▶ _WHAT THE EXERCISE ASKS_:
Only a verbatim restatement of the lines from the one with "Joseph Ribkoff Top" through the end of the listing below is wanted. Pictures should be left out.

▶ _STORED DATA_:
..............................

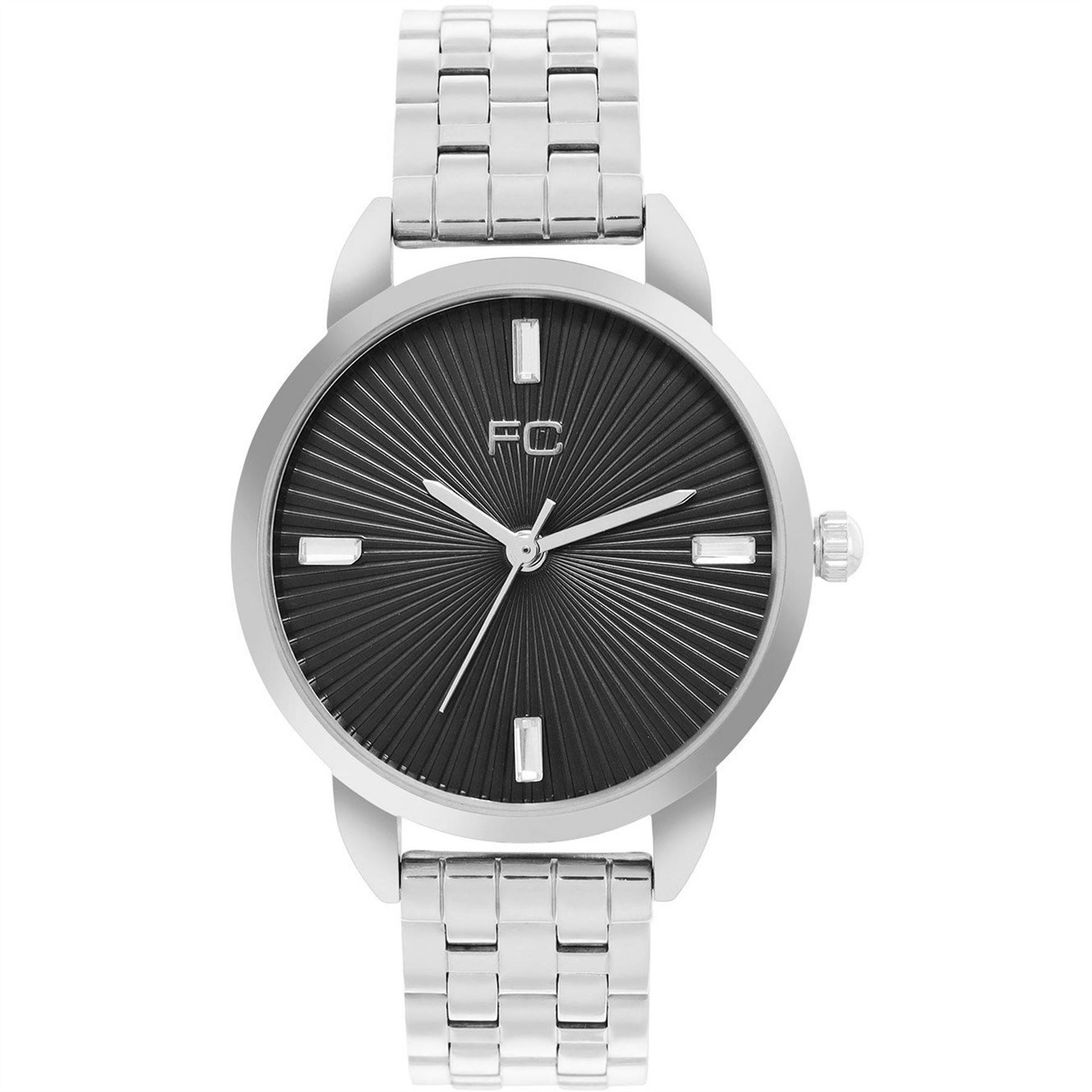 French Connection Connection Silver Case Round Shape Silver Strap Quartz Watch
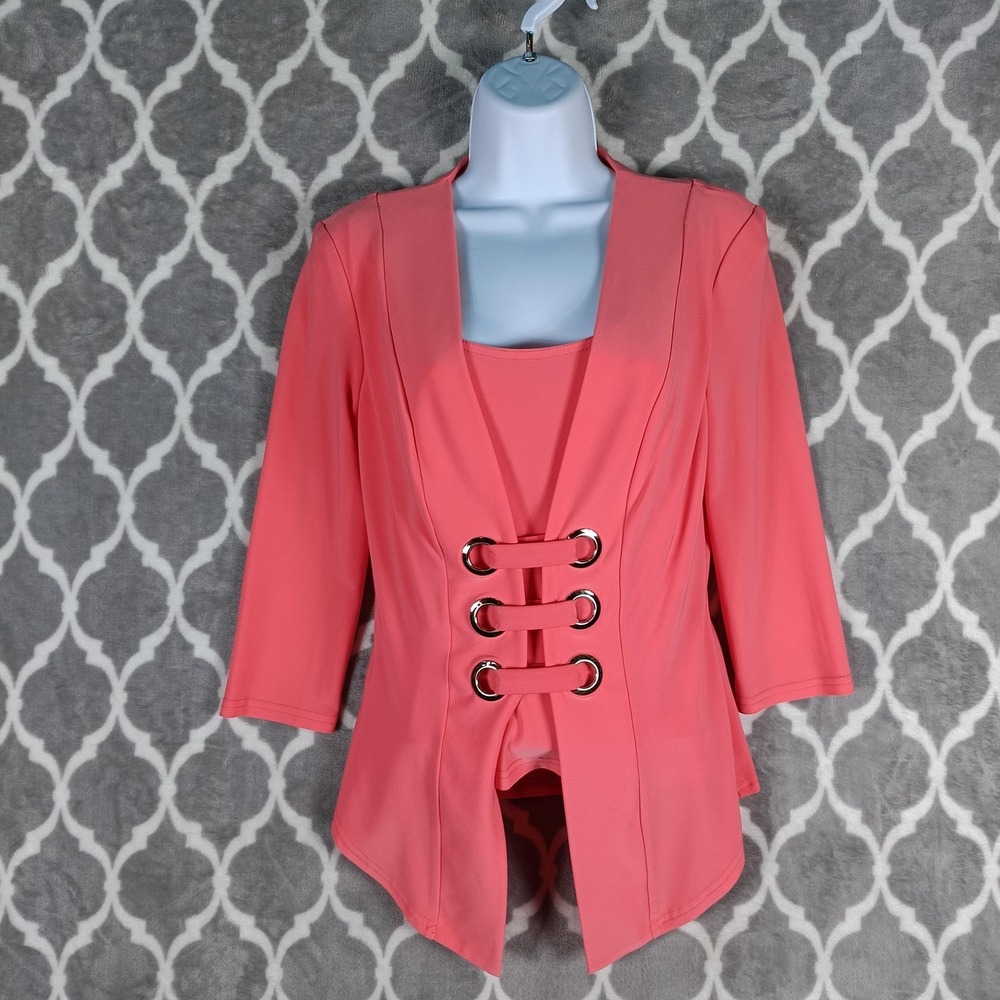 Joseph Ribkoff Top Womens 6 Pink Coral 3/4 Sleeve Shawl Grommet Detail Office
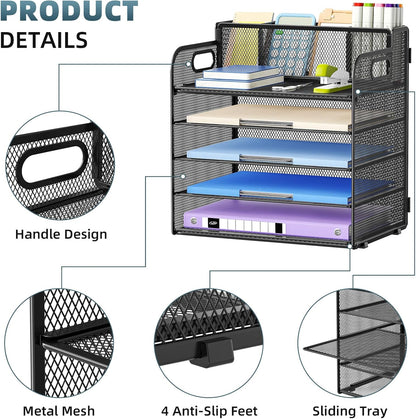 Marbrasse 5-Tier Letter Tray Paper Organizer with Handle, Multi-Functional Mesh File Organizer for Desk, Adjustable Compartments Mesh Desktop Storage for Office Supplies,Black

..............................

▶ _OUTPUT OF THE TASK_:
 Joseph Ribkoff Top Womens 6 Pink Coral 3/4 Sleeve Shawl Grommet Detail Office
 Marbrasse 5-Tier Letter Tray Paper Organizer with Handle, Multi-Functional Mesh File Organizer for Desk, Adjustable Compartments Mesh Desktop Storage for Office Supplies,Black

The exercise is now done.